また、真に受けると、相手の思うつぼで、人格否定の内容がエスカレートしてしまうケースも多々あることを心しておきましょう。

反論せずに冷静に観察する

この対処法は、相手が特に感情的になっている場合に効果的です。

感情的になっている人に人格を否定されて、それに反論すると、まさに火に油で、さらに攻撃がエスカレートして収拾がつかなくなる怖れが出てきます。

また、口論にまで発展してしまうと、後々、相手との関係が険悪になります。

往々にして、人格を否定してくる相手は、例えば職場の上司など、自分よりも立場が上の人が多いので、相手との関係が険悪になることで、不利な状況に追いやられる場合も少なくありません。

そのような事態になるのをも避ける意味でも、反論は控えましょう。

人格否定されたら、頭に来るのをぐっと押さえて、あえて冷静になって、相手をよく観察するようにするとよいでしょう。

相手の表情に着目し、「あ、今。
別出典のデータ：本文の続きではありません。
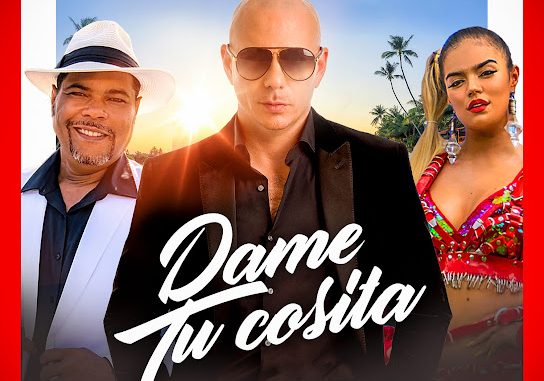 Pitbull - Dame Tu Cosita ft. El Chombo & Karol G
目を動かしました」、「今、頭をかたむけて何かを考えている様子です」、「眉毛を釣り上げて怒りをあらわにしています」などと、心の中で実況中継してみるのも、反論したい気持ちを抑えるのに効果的です。

ただし、度を超すとにやにやしてしまうなど、うっかり表情に表れる怖れがあるので、その点は要注意です。

間違っても相手に知られないように、自分の表情の変化には細心の注意を払う必要があります。
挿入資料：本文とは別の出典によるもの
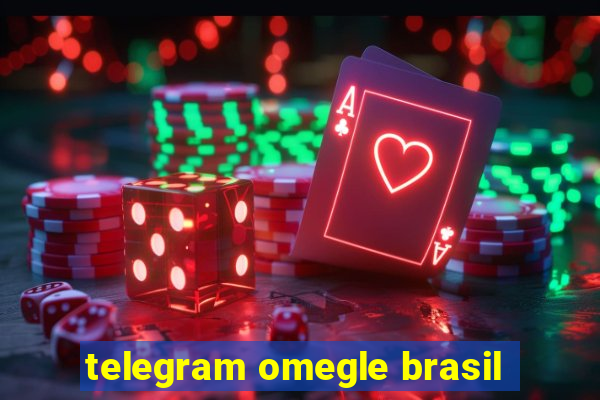 telegram omegle brasil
表情は相手に対して真摯な印象を与えるように努めましょう。

人は、自分の発言を真摯な態度で受け止める相手には、何も言えなくなるものです。

記録しておく

これは、人格否定をしてくる相手のことが「許せない」と思うほど憎らしい場合に、合法的に復讐する手段してとても有効です。

例えば、上司の部下に対する人格否定は、パワハラやモラハラに該当する場合も多々あります。
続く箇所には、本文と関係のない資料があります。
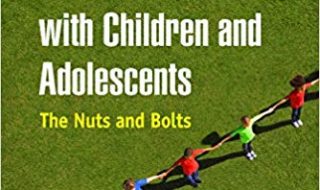 Clinical Practice of Cognitive Therapy with Children and Adolescents Second Edition The Nuts and Bolts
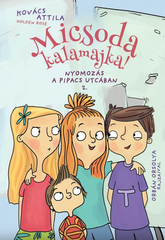 Micsoda kalamajka! - Nyomozás a Pipacs utcában 2. - Kovács Attila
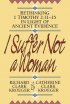 I Suffer Not a Woman: Rethinking 1 Timothy 2:11-15 in Light of Ancient Evidence - Rethinking 1 Timothy 2:11-15 in Light of Ancient Evidence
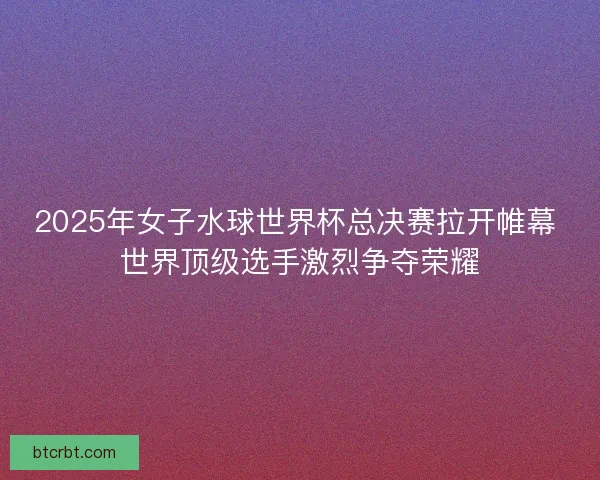 2025年女子水球世界杯总决赛拉开帷幕 世界顶级选手激烈争夺荣耀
それを記録しておくことで、会社に相談をしてその上司を処分してもらったり、あまりにも目に余る場合は、法的手段をとったりすることが可能です。

その際には、証拠となるものが必要になるので、上司から受けた人格否定の内容を事細かく記録しておきましょう。

受けた日時も忘れずに記録しておきましょう。

もし可能であれば、人格否定された発言を録音しておくとさらに強力な証拠となります。

今は、スマホを使えば簡単に録音ができますね。

証拠を元にしかるべき部署(一般的には人事部)に相談をすれば、ハラスメント問題に厳しいこのご時世ですから、会社としても放置はできません。

もし、会社の対応に不満があるなら、弁護士に相談の上、会社と上司に対して民事裁判を起こし、精神的苦痛に対する慰謝料請求をすることもできます。

記録を残しておくことは、もちろん会社以外のケースでも有効です。

例えば、夫婦間で問題がある場合でも、暴言の内容を録音しておけば、有利な条件で離婚しやくなるでしょう。

学校や職場でいじめを受けている場合も、インターネット上に匿名で誹謗中傷を書かれてしまうことが多いですね。

そういう場合は、その内容を記録(アカウント名や投稿内容を写真で撮っておく)しておけば、警察に被害届を出せます。

ネット上での誹謗中傷は、名誉棄損と呼ばれる罪になりますし、匿名の投稿でも、IPアドレスから犯人を特定できるケースは多いです。

以上となりますが、人格否定に悩んでいる方は、ここで紹介をした対処法をぜひ試してみてください。